Prendersi il Pd in tre mosse
Tesseramento, elezioni europee, congresso: queste le tre tappe della strategia di Massimo D’Alema per voltare pagina nel Partito Democratico. Che l’ex-premier non sia un estimatore della leadership di Walter Veltroni è cosa nota, così come sono noti i fastidî dell’apparato veltroniano davanti all’attivismo post-elettorale di D’Alema e della sua fondazione Red. Presto però saranno accantonate le dichiarazioni a mezza bocca con cui si sono sfidati finora i due storici rivali, e si comincerà a fare sul serio.
La prima fase sarà il tesseramento, iniziato a fari spenti quest’estate e presto rilanciato in grande stile in occasione della manifestazione del 25 ottobre. Un tesseramento voluto fortissimamente da Massimo D’Alema – «Io sono abituato ad avere una tessera, per ora ho ancora un attestato e aspetto trepidante di avere una tessera» – e che, fosse dipeso dalle truppe veltroniane nella commissione statuto del partito, non si sarebbe mai realizzato, regalando al Partito Democratico quello status di partito liquido e all’americana tanto caro al segretario del Pd. C’è un altro tesseramento, però, al quale Massimo D’Alema tiene particolarmente: quello di Red, il cui primo conteggio ufficiale è stato diffuso nei giorni scorsi fornendo cifre di tutto rispetto (tremila iscritti, e il tesseramento nelle regioni rosse deve ancora partire). Il tesseramento di Red e quello del Partito Democratico sono strettamente collegati. In molti considerano ormai l’associazione dalemiana un vero e proprio partito nel partito, e pensano che sarà proprio Red lo strumento con cui, al momento opportuno, D’Alema lancerà l’opa sulla leadership del Partito Democratico.
Quando arriverà il momento opportuno? Certamente dopo le elezioni europee della prossima primavera, altro momento fondamentale della strategia di Massimo D’Alema. Prima però ci sono da definire le modifiche della legge elettorale, e anche sulla proposte del centrodestra (liste bloccate e sbarramento al 5%) le strade di D’Alema e Veltroni divergono. La posizione ufficiale del Partito Democratico chiede il mantenimento delle preferenze e uno sbarramento al 3%, sebbene non sia un mistero che il segretario voglia a tutti i costi il mantenimento delle preferenze, anche a costo di uno sbarramento al 5%, mentre D’Alema preferisca uno sbarramento più basso e meno penalizzante per l’Udc e le forze alla sinistra del Pd, anche a costo di dover votare con le liste bloccate. Al di là delle regole, però, quel che conterà delle elezioni europee sarà il risultato: con il Pd sopra la soglia psicologica del 30%, Veltroni riuscirà a rimanere in sella al partito. Con il Pd sotto quella soglia, si aprirà inevitabilmente la guerra di successione, e lì prenderà inizio la terza ed ultima tappa: il congresso.

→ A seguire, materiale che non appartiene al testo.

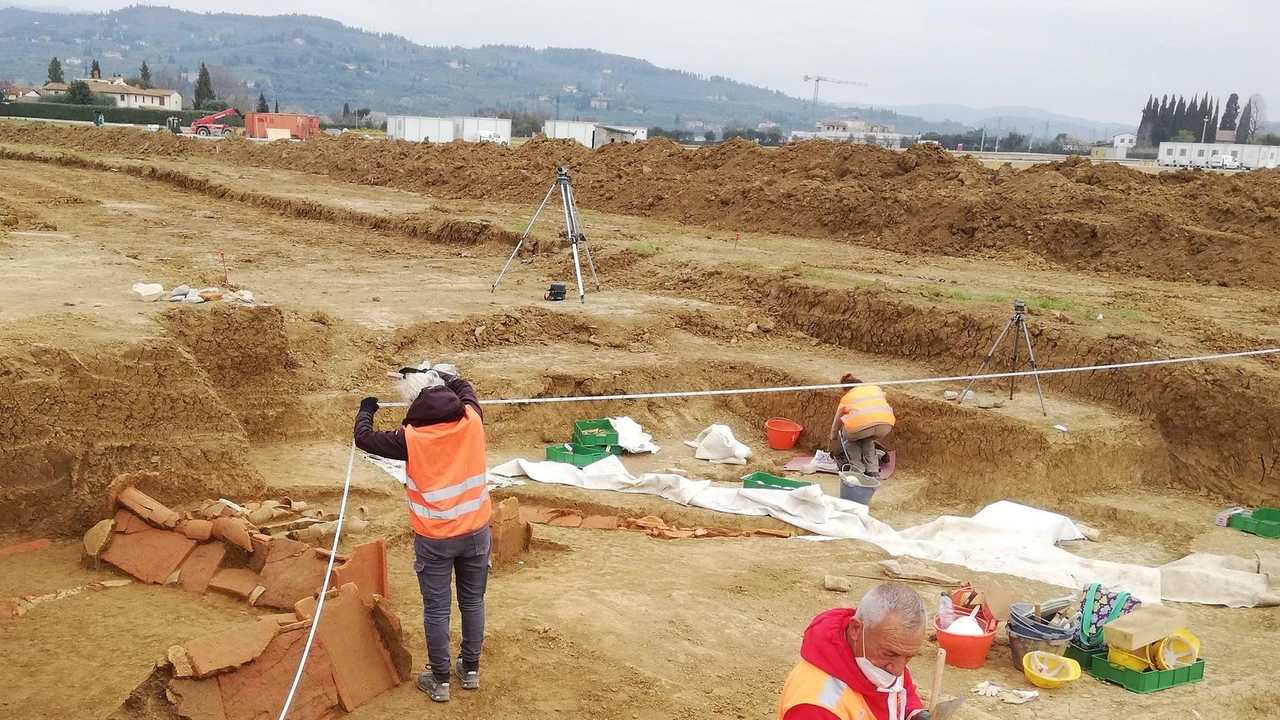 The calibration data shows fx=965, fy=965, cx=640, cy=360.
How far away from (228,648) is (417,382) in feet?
5.40

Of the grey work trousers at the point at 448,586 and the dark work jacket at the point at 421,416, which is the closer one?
the dark work jacket at the point at 421,416

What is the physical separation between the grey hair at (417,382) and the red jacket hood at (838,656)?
8.43 ft

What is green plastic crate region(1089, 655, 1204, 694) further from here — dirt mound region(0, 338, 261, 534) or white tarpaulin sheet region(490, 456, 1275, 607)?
dirt mound region(0, 338, 261, 534)

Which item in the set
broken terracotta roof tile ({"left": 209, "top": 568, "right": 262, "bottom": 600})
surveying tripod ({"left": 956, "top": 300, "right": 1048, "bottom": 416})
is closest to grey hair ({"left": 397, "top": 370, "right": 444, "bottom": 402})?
broken terracotta roof tile ({"left": 209, "top": 568, "right": 262, "bottom": 600})

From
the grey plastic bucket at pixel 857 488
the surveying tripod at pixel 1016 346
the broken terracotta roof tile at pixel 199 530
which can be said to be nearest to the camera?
the broken terracotta roof tile at pixel 199 530

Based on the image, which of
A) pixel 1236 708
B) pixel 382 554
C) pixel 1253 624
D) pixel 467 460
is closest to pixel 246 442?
pixel 382 554

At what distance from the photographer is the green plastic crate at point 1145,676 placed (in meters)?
5.71

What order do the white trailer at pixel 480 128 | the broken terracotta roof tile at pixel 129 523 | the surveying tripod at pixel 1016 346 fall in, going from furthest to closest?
the white trailer at pixel 480 128 → the surveying tripod at pixel 1016 346 → the broken terracotta roof tile at pixel 129 523

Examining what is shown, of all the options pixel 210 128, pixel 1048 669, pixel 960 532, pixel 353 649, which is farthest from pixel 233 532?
pixel 210 128

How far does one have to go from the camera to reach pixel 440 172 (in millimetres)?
27469

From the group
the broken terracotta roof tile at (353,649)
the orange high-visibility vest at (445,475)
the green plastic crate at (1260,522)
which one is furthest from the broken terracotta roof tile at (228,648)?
the green plastic crate at (1260,522)

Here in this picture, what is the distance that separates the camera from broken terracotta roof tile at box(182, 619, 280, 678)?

Un congresso anticipato durante il quale celebrare lo scontro covato negli ultimi mesi tra due visioni radicalmente diverse della politica. Non assisteremo però a una riedizione delle sfide del passato. D’Alema non ha intenzione di contendere personalmente la leadership del partito a Veltroni, e ha deciso di puntare tutto su qualcuno che dell’attuale segretario del Pd è già stato avversario, poco più di un anno fa: Enrico Letta. Da mesi ormai lettiani e dalemiani si parlano e si muovono come un sol uomo: sistema proporzionale, fine dell’autosufficienza del Pd, convergenze con l’Udc di Casini, difesa del governo Prodi e critica alla leadership di Veltroni, anche dopo la recente svolta radical. Non è finita: la stessa Red è presieduta da Paolo De Castro, sostenitore della candidatura dell’attuale ministro ombra del welfare alle primarie del 14 ottobre. Gradita a popolari e rutelliani, una candidatura Letta rispetterebbe poi la regola non scritta dell’alternanza tra ex Ds ed ex Dl nei ruoli cardine del partito. D’Alema lo aveva anticipato: «Il prossimo segretario dovrà avere vent’anni meno di me». Tra Massimo ed Enrico di anni ce ne sono diciassette: l’impressione è che nessuno starà lì a sottilizzare.